Researchers Crack Yik Yak To Find Users’ Location

The app's a little less private when people can figure out where you're yakking

Illustration: Vocativ
Oct 21, 2016 at 12:36 PM ET

Researchers have figured out how to trick Yik Yak, the messaging application for pseudonymously sharing messages with others in a small area, into sharing a user’s rough location.

“The key selling point of Yik Yak is it’s anonymous,” Keith Ross, Dean of Engineering and Computer Science at NYU Shanghai, who led the team that conducted the study, told Vocativ. “We were sort of surprised it could be done at all.”

The process is rooted in the fundamental way that Yik Yak thinks about geography. In theory, Yik Yak, designed for use on college campuses, pictures users as being in the same area, which, researchers observed, is roughly four square miles. But there isn’t a single boundary for a given campus or city. Instead, every single user is the center of their own two-mile by two-mile square.

For most users, that shouldn’t make a big difference, as most students on a given campus will overlap. But it means that if someone is dogged enough, as Ross’s team was, they could develop a program to spoof hundreds of different GPS coordinates for the Yik Yak app. With enough tries, the program could narrow down where a given message — a Yak, in the app’s parlance — was visible, correctly identifying where it was posted to within 300 feet. Practically speaking, they could figure out which dorm a given user was in when she posted a message.

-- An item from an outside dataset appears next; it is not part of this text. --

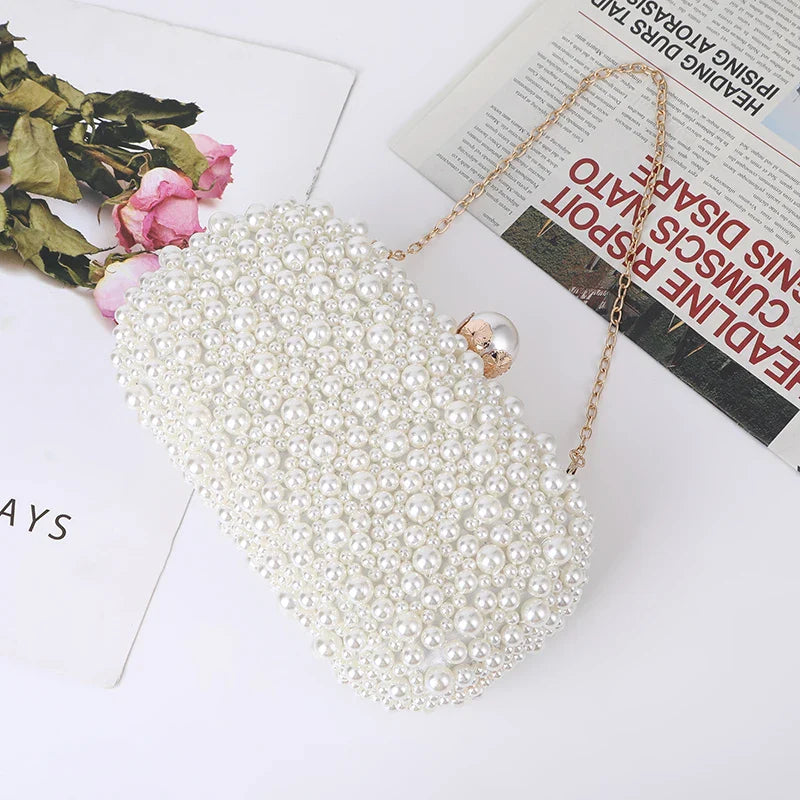Fashion Elegant Women White Beige Luxury Special Crystals Beaded Pearl Evening Clutch Bags Wedding Party Handbag Beaded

Yik Yak came into hot water in 2015, when a number of users accused the app of facilitating targeted harassment. Its combination of a local pool of users, plus apparent pseudonymity, made abuse easy. It led to, for example, an outburst of racist comments against professors and sexual harassment towards women on campuses. The app responded by formally “banning” abusive use by requesting its users refrain from such talk.

A spokesperson for Yik Yak said the company was aware of the study and was working on a way to address Ross’s methods. It wasn’t clear if the company would implement Ross’s changes. His team’s paper debuts Nov. 15, when it’s presented at the Internet Measurement Conference.